Trait / inline interaction, force functions to be inlined

This is a followup to Inlined code for operating on scala -> operating on vec - #8 by alice
(but the topic has shifted as the implementation strategy changed thanks to @alice 's strategy)

pub trait MessyT {
    fn do_scalar(lhs: i32, rhs: i32) -> i32 { todo!(); }

    fn do_vec(lhs: Vec<i32>, rhs: Vec<i32>) -> Vec<i32> {
        let n = lhs.len();
        assert!(n == rhs.len());
        let mut ans = Vec::with_capacity(n);

        for i in 0..n {
            ans.push(
                Self::do_scalar(lhs[i], rhs[i]), // Fniii(lhs[i], rhs[i])
                                                 // how do I call this function on these two args?
            )
        }

        ans
    }
}

pub struct ScalarPlus {}
pub struct ScalarMul {}

impl MessyT for ScalarPlus {
    #[inline(always)]
    fn do_scalar(a: i32, b: i32) -> i32 {
        a + b
    }
}

impl MessyT for ScalarMul {
    #[inline(always)]
    fn do_scalar(a: i32, b: i32) -> i32 {
        a * b
    }
}

The goal of this code here is:

  • we have some functions defined on scalars (say plus, mul)

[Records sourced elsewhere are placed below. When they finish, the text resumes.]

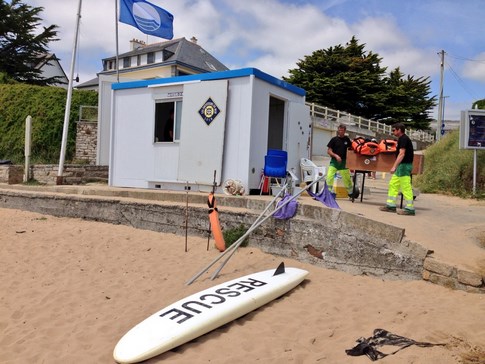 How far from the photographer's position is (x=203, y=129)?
→ 31.1 ft

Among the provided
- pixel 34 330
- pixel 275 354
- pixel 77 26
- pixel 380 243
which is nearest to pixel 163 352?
pixel 275 354

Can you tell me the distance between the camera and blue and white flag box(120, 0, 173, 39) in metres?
14.5

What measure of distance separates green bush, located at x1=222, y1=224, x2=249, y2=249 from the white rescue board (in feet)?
5.78

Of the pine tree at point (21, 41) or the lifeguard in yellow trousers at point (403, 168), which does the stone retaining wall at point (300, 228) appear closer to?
the lifeguard in yellow trousers at point (403, 168)

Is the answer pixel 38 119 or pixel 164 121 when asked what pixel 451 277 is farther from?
pixel 38 119

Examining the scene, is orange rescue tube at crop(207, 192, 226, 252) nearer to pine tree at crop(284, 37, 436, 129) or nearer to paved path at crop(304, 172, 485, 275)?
paved path at crop(304, 172, 485, 275)

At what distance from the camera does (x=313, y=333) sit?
417 cm

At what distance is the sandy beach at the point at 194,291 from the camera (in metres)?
3.81

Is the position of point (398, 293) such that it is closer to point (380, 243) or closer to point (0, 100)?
point (380, 243)

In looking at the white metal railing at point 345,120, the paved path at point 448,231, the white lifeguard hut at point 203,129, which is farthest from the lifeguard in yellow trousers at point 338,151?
the white metal railing at point 345,120

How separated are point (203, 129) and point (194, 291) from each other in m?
4.71

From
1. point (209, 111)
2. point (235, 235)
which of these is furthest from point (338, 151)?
point (209, 111)

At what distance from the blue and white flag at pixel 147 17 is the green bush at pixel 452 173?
10.7 meters

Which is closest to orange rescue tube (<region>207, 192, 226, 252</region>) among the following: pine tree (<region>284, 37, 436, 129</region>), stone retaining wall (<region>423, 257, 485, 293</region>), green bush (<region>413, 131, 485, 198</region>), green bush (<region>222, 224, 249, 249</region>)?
green bush (<region>222, 224, 249, 249</region>) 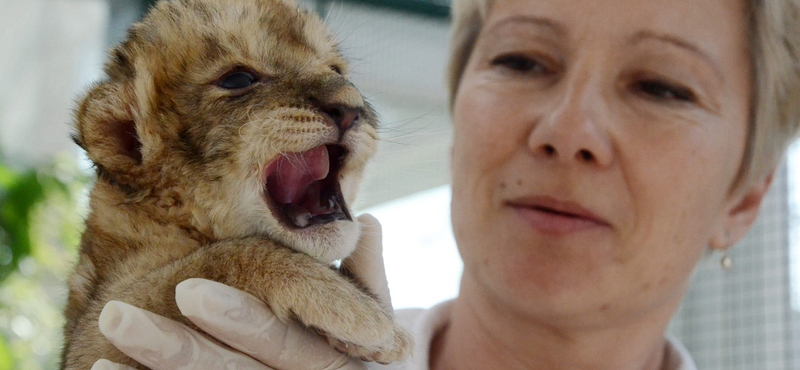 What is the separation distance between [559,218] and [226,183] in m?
0.61

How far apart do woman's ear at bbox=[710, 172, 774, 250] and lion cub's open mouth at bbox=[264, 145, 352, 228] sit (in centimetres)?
92

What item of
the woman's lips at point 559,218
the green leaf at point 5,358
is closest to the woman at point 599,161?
the woman's lips at point 559,218

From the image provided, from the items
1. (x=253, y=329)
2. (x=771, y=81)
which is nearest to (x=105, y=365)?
(x=253, y=329)

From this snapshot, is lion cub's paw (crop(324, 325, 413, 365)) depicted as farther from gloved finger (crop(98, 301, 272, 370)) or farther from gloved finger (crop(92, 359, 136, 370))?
gloved finger (crop(92, 359, 136, 370))

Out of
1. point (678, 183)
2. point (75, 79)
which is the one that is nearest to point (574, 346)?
point (678, 183)

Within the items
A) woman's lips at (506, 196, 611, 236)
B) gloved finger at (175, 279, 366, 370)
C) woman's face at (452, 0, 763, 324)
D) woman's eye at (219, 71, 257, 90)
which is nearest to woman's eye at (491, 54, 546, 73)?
woman's face at (452, 0, 763, 324)

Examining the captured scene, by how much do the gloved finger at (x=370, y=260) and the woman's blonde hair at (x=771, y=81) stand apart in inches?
23.8

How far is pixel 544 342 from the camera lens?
1551 millimetres

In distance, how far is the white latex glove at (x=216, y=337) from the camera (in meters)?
1.05

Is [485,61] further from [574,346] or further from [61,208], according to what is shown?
[61,208]

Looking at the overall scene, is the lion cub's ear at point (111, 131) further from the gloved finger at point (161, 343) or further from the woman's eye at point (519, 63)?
the woman's eye at point (519, 63)

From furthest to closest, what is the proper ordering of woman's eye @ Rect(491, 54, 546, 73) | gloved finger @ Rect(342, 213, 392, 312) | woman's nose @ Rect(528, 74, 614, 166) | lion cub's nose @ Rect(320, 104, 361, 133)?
woman's eye @ Rect(491, 54, 546, 73) < gloved finger @ Rect(342, 213, 392, 312) < woman's nose @ Rect(528, 74, 614, 166) < lion cub's nose @ Rect(320, 104, 361, 133)

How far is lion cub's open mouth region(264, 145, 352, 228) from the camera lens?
1.18 metres

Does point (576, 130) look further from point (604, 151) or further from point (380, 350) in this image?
point (380, 350) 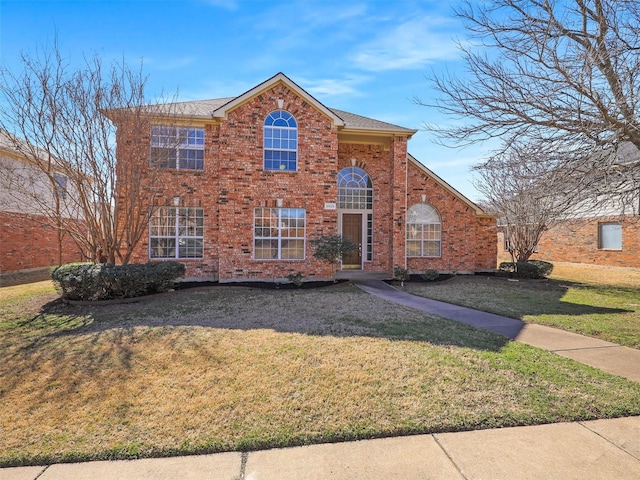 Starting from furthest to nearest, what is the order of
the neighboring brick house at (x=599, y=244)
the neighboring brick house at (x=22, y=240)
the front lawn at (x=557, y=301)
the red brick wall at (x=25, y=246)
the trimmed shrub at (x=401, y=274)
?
1. the neighboring brick house at (x=599, y=244)
2. the red brick wall at (x=25, y=246)
3. the neighboring brick house at (x=22, y=240)
4. the trimmed shrub at (x=401, y=274)
5. the front lawn at (x=557, y=301)

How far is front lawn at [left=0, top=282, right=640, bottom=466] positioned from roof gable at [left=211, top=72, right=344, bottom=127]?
818 centimetres

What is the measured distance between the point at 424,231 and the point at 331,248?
5490mm

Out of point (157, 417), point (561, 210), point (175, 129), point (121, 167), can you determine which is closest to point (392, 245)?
point (561, 210)

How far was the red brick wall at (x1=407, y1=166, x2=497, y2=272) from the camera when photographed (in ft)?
49.6

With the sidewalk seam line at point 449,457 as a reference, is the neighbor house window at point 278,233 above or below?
above

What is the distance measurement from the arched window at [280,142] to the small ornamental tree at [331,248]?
3004mm

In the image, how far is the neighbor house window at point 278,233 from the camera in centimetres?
1273

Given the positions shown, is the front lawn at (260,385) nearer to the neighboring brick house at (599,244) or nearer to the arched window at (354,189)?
the arched window at (354,189)

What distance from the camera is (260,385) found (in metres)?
4.07

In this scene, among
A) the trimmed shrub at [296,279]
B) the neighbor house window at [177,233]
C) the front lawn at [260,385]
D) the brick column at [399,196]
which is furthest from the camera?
the brick column at [399,196]

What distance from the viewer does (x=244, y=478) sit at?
260cm

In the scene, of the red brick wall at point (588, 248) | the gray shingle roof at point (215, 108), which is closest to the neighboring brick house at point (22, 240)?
the gray shingle roof at point (215, 108)

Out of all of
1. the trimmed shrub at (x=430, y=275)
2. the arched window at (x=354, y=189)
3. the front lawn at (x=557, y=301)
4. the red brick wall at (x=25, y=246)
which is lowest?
the front lawn at (x=557, y=301)

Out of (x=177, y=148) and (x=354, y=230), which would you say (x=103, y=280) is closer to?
(x=177, y=148) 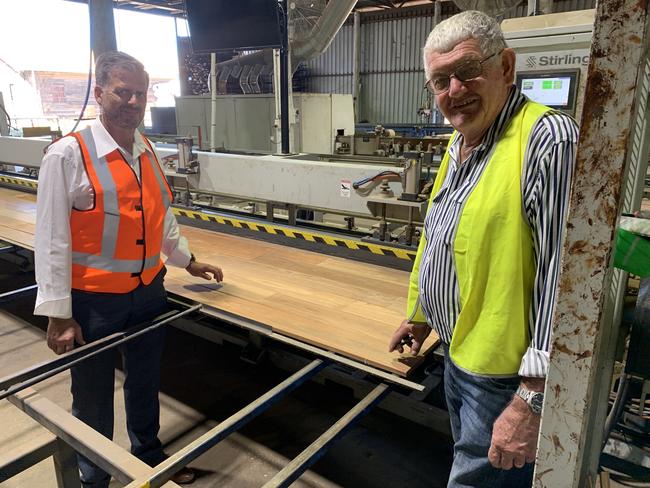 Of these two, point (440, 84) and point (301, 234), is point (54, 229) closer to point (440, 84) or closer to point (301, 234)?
point (440, 84)

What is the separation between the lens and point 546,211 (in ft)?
2.68

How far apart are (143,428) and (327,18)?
331cm

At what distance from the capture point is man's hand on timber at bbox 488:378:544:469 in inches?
34.9

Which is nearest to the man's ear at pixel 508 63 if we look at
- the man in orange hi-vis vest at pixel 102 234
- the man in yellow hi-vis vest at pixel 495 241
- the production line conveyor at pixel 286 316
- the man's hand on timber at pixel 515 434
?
the man in yellow hi-vis vest at pixel 495 241

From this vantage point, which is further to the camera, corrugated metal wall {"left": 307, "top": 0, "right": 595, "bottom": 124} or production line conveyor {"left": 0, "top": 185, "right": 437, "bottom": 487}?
corrugated metal wall {"left": 307, "top": 0, "right": 595, "bottom": 124}

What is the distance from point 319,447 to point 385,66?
11381 millimetres

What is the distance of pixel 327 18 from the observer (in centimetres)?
389

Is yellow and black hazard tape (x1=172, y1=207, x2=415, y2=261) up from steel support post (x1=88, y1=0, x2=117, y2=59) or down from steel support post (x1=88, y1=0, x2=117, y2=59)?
down

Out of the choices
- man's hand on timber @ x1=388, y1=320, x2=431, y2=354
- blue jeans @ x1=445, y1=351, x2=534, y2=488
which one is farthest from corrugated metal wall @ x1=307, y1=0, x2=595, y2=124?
blue jeans @ x1=445, y1=351, x2=534, y2=488

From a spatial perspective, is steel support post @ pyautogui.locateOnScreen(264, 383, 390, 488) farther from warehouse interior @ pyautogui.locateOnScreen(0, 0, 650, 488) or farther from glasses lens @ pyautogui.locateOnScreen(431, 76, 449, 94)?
glasses lens @ pyautogui.locateOnScreen(431, 76, 449, 94)

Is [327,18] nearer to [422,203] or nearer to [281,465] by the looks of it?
[422,203]

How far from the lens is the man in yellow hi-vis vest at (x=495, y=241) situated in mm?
837

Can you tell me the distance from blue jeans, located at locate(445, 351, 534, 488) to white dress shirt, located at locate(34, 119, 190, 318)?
1.16 meters

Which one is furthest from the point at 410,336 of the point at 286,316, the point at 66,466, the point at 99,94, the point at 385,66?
the point at 385,66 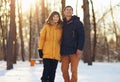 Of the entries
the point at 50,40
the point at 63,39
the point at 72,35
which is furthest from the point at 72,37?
the point at 50,40

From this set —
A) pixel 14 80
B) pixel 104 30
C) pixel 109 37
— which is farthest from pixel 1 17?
pixel 14 80

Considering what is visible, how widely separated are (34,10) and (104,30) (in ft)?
41.6

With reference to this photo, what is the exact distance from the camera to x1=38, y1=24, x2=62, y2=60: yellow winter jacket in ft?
30.8

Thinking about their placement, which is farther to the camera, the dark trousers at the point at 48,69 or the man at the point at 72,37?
the dark trousers at the point at 48,69

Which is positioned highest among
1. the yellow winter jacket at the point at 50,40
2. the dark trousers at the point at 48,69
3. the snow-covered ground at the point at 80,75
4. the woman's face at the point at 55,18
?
the woman's face at the point at 55,18

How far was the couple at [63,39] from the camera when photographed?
9.34 meters

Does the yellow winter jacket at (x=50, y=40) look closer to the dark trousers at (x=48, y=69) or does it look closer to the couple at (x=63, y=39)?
the couple at (x=63, y=39)

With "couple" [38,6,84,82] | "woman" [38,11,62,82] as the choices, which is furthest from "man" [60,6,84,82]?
"woman" [38,11,62,82]

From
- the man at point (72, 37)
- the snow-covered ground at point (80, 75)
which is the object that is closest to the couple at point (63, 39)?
the man at point (72, 37)

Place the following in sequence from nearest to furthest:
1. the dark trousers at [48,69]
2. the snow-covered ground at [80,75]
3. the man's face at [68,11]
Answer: the man's face at [68,11] → the dark trousers at [48,69] → the snow-covered ground at [80,75]

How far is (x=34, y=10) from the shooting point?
5384cm

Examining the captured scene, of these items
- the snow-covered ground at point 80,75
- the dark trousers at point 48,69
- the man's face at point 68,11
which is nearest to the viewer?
the man's face at point 68,11

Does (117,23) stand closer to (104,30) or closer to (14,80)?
(104,30)

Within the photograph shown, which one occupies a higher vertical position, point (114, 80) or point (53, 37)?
point (53, 37) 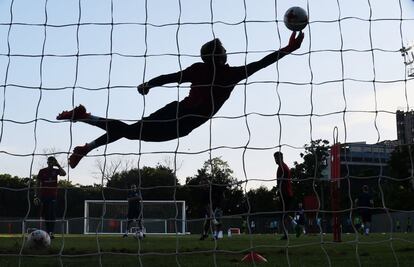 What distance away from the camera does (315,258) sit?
7797mm

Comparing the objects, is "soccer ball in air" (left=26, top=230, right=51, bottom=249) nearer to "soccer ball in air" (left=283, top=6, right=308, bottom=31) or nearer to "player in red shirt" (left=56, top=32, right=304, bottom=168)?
"player in red shirt" (left=56, top=32, right=304, bottom=168)

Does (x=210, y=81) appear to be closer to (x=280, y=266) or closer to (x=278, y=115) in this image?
(x=278, y=115)

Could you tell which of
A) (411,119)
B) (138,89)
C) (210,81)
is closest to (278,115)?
(210,81)

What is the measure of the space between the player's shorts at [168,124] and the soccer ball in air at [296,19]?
4.10 ft

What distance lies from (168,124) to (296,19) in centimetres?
164

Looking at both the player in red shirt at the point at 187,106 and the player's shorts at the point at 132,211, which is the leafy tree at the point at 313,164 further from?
the player's shorts at the point at 132,211

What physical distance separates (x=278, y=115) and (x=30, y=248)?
4.40m

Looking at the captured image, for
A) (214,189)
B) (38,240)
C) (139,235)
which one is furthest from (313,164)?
(38,240)

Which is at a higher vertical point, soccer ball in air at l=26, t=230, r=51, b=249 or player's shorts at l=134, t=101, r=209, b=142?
player's shorts at l=134, t=101, r=209, b=142

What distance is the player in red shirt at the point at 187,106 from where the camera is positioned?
6523 millimetres

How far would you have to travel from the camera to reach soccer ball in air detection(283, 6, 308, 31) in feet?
21.7

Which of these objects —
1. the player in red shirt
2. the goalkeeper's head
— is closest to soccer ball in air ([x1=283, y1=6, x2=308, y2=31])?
the player in red shirt

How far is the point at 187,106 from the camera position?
6.68m

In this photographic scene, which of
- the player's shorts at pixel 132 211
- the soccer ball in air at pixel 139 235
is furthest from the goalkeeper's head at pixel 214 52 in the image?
the player's shorts at pixel 132 211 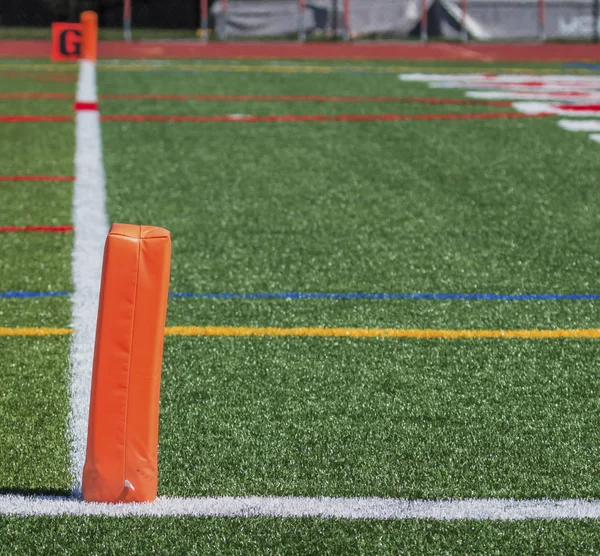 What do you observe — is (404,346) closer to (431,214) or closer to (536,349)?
(536,349)

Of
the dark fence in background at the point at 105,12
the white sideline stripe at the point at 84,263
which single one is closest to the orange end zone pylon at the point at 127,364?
the white sideline stripe at the point at 84,263

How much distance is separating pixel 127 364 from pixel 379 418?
108cm

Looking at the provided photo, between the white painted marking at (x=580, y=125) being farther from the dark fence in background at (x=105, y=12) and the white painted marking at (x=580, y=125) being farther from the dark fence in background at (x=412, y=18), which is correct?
the dark fence in background at (x=105, y=12)

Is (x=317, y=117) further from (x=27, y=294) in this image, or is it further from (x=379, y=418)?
(x=379, y=418)

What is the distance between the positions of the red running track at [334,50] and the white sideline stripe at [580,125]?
8.75 m

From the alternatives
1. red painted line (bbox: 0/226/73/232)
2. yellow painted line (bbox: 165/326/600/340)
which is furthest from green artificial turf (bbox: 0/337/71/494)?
red painted line (bbox: 0/226/73/232)

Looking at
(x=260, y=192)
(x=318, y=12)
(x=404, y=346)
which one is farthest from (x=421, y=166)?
(x=318, y=12)

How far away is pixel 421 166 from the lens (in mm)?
8195

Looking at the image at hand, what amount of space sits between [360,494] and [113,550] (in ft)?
2.22

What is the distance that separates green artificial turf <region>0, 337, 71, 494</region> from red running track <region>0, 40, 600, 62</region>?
15.0m

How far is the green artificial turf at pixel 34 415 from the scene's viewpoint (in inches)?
124

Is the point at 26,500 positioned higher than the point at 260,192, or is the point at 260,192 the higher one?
the point at 260,192

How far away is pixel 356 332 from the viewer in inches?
178

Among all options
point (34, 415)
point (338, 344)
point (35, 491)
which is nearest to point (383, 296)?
point (338, 344) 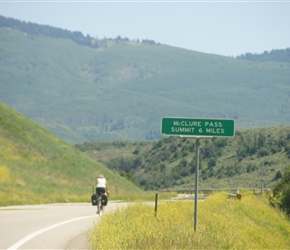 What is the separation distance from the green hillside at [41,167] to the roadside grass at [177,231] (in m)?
22.7

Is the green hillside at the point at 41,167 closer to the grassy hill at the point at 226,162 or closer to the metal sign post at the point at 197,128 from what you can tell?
the metal sign post at the point at 197,128

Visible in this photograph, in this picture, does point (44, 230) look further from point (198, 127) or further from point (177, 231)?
point (198, 127)

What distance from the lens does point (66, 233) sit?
19.5 meters

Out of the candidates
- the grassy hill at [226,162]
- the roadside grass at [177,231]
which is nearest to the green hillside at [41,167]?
the roadside grass at [177,231]

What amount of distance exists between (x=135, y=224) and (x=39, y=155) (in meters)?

  • we want to auto generate ways to run them on Vecs

  • we want to 100% inline the scalar functions

Question is: is the above guaranteed to inline? Why / why not? If not, how do we fix it?

Thanks!

There is no way to guarantee inlining. Same as any other optimization. However, I would be surprised if those don't get inlined.

If you want to provide a stronger hint to inline a function, you can use #[inline]

1 Like

They are already #[inline(always)], as far as I can see. This is the strongest requirement we can get, right?

Yes, but it's easy to misuse and just increase code bloat. I would stick to #[inline] unless you have some significant performance gains.

1 Like

This seems like an obvious case to inline always, no?

If it's inline always, we execute one instruction (add or mul)

If it's not inlined, we have to execute a function for every add/mul.

This case is so simple that I would be surprised if LLVM didn't already inline it. You can use tools like cargo asm to inspect the assembly to check.